-- Records for processing --

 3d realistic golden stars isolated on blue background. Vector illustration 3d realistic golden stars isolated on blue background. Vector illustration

--

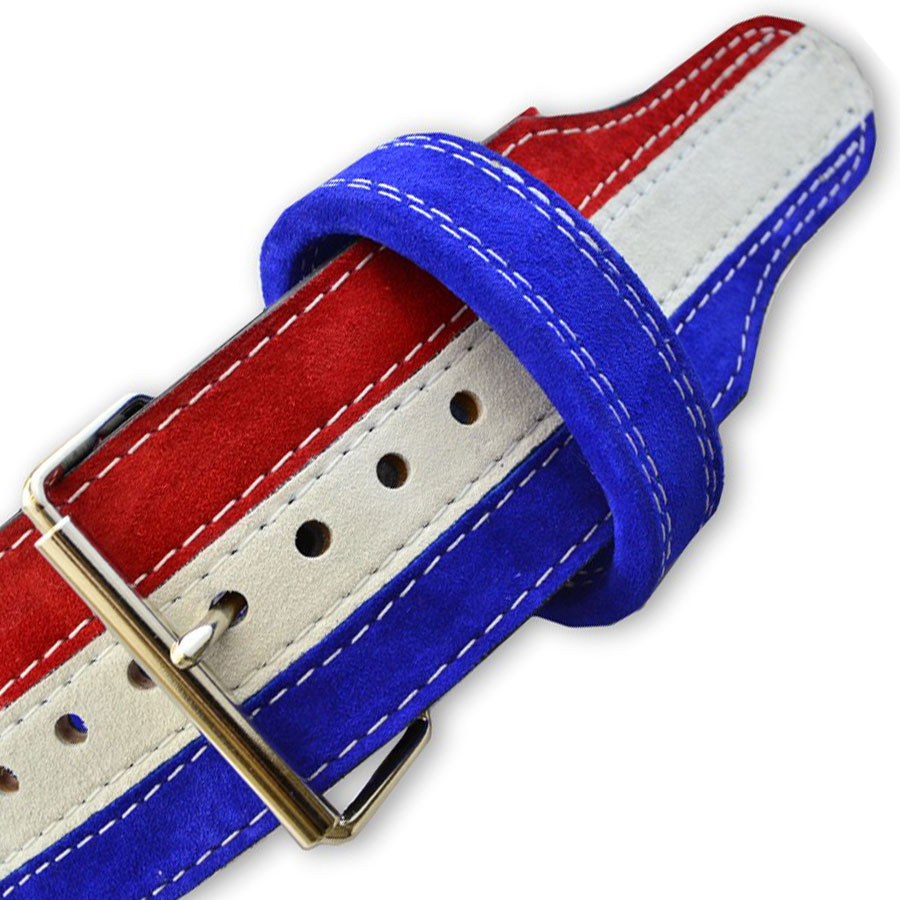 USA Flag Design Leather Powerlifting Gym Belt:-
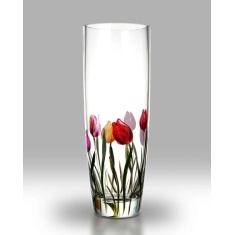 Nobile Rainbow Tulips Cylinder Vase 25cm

-- Directions for this task --
Print everything from the line with "USA Flag Design" down to the line with "Nobile Rainbow Tulips Cylinder Vase 25cm" in the entries above, both lines included and nothing more, without the pictures.

-- Solution --
 USA Flag Design Leather Powerlifting Gym Belt:-
 Nobile Rainbow Tulips Cylinder Vase 25cm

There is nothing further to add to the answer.